As per my recent post above, cat, was working on it this morning and got caught up doing other things…
I am avoiding using the prefix thing for several reasons.
a. there is a bug when you do modifications after the fact to the prefix rules that do not actually stick on the router ( what is shown is not what the router uses )
b. Its a simple one IP, and one subnet so the rule provided works very well.
c. the structure of the prefix rule and the explanation confounds a simple explanation of what it does or is supposed to do. I have not been able to explain it in several sentences to myself so not sure for new users its as useful. Its easy to understand that one can ensure all traffic from the single IP going out wireguard needs to be able to reach other LAN IPs and vice versa, out the main table, before all traffic from that IP ( originating traffic or reply traffic, to other LAN IPs) gets sucked out wireguard.
This can be accomplished in two ways /routing rule add action=lookup-only-in-table src-address=192.168.88.5/32 dst-address=192.168.88.0/24 table=main comment=“allows PC to LAN traffic”
add action=lookup-only-in-table dst-address=192.168.88.5/32 src-address=192.168.88.0/24 table=main comment=“allows LAN to PC traffic”
add action=lookup-only-in-table src-address=192.168.88.5/32 table=vpn_mark
OR ( the more simple ) add action=lookup-only-in-table src-address=192.168.88.0/24 dst-address=192.168.88.0/24 table=main comment="LAN to LAN traffic"add action=lookup-only-in-table src-address=192.168.88.5/32 table=vpn_mark
Thx to both of you. I tried cat suggestion which succeeded but the DNS who is now leaking for 192.168.88.5 connected to Wireguard (before these rules DNS was provided to 192.168.88.5 by Wireguard server and was not leaking).
Going to read anav post carefully and make some tries.
Can you confirm what the 3rd party provider gave you for information
Apparently besides endpoint address and endpoint port and private key to use ( so same public key is generated for their end etc…)

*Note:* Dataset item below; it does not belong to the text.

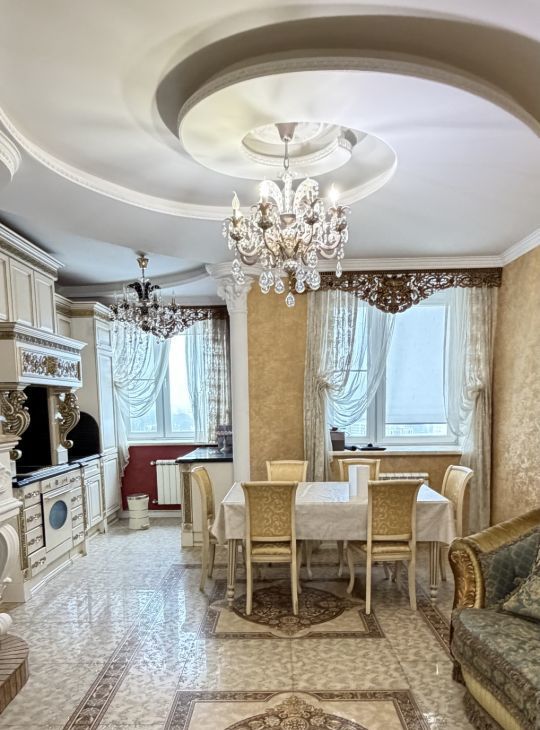 Аренда 4к квартиры на улица Адмирала Лазарева, 63к1, метро Улица Горчакова, г. Москва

Specifically ip address of 100.96.1.09 was given, DID they provide anything else? I see you have network entered of same address so presumably they gave you that as well.

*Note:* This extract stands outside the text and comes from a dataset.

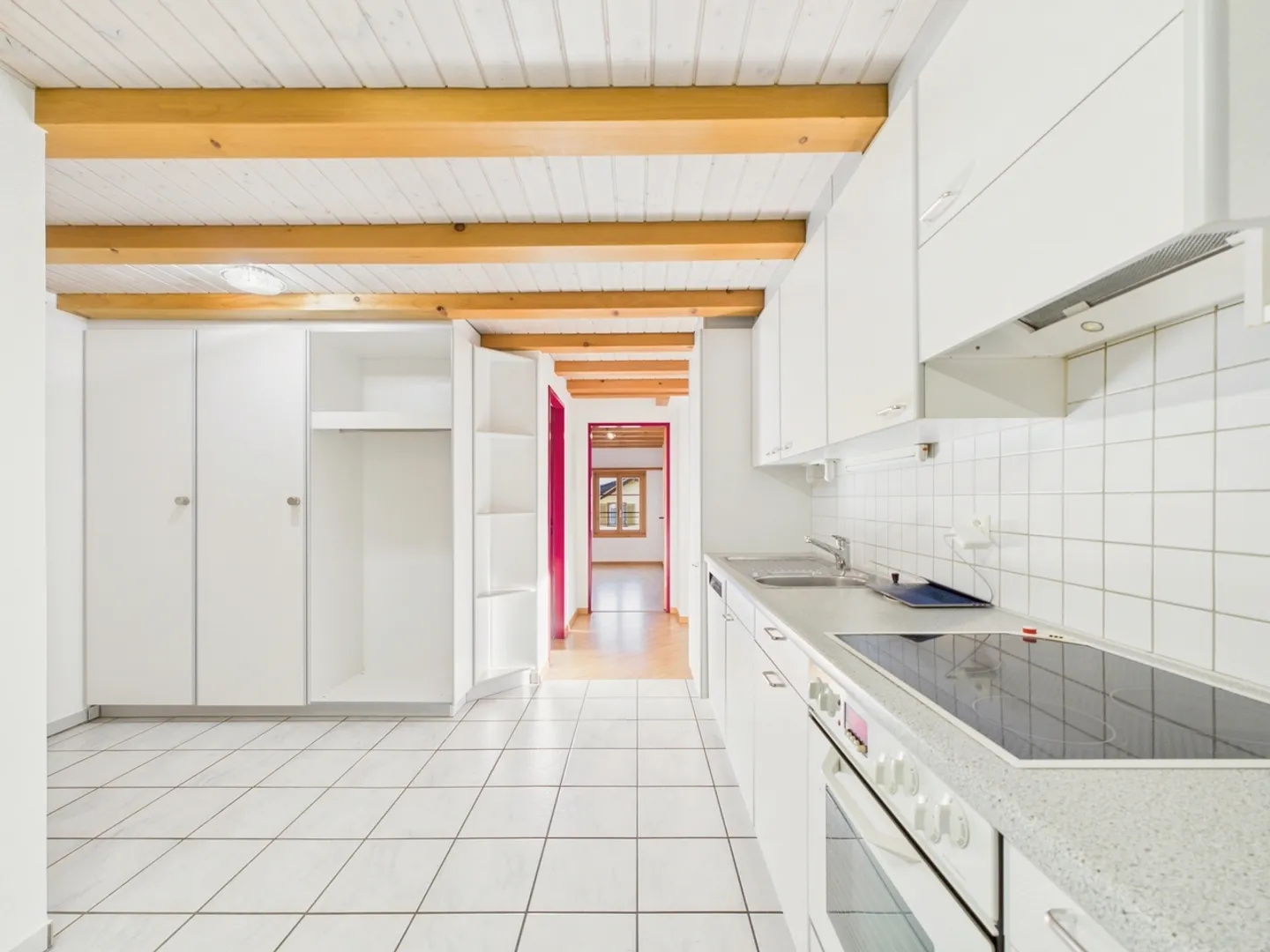 Cozy 3.5-Room Apartment in Lauperswil - Photo 2 of 7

Did they provide a DNS address or anything else ???
Yes, besides 100.96.1.09, they give DNS address: 198.18.0.1,198.18.0.2
I have no clue where to put these DNS address on Mikrotik router (I’m using 8.8.8.8 for the regular traffic). But I observed that with my original config with mangle, the machine routed to wg1 was requesting the DNS to the router which itself was requesting DNS through wg1 also (DNS leak tests were giving wg endpoint address). Then even though I didn’t mention 198.18.0.1 anywhere, the DNS requesting was not leaking to google.
To prevent leaking is difficult as the rest of the router goes out the normal local WAN.
To accomplish no leaking try this… Option1: If 3rd party provided a DNS address to use… /ip nat
add chain=dstnat action=dstnat src-address=192.168.88.5 dst-port=53 protocol=udp to-address=198.18.0.1
add chain=dstnat action=dstnat src-address=192.168.88.5 dst-port=53 protocol=tcp to-address=198.18.0.1
By the way you should add the following mangle rule for potential MTU browsing issues… /ip firewall mangle
add action=change-mss chain=forward comment=“Clamp MSS to PMTU for Outgoing packets” new-mss=clamp-to-pmtu out-interface=“wg1” passthrough=yes protocol=tcp tcp-flags=syn****
Because its a function of ensuring the path through the 3rdparty provider from the single PC to the Www is working properly MTU wise. Nothing to do with bridge.
Also note an improvement on the schema already provided:\
I have actually multiple machines on my LAN and was thinking about the possibility to activate/deactivate some of them at will, easily. I will look at it further. Thx a lot for your help.
Note: Routing rules works well for a small group of IPs… or entire subnets,
however if the number grows to big, then mangling will be used to replace routing rules.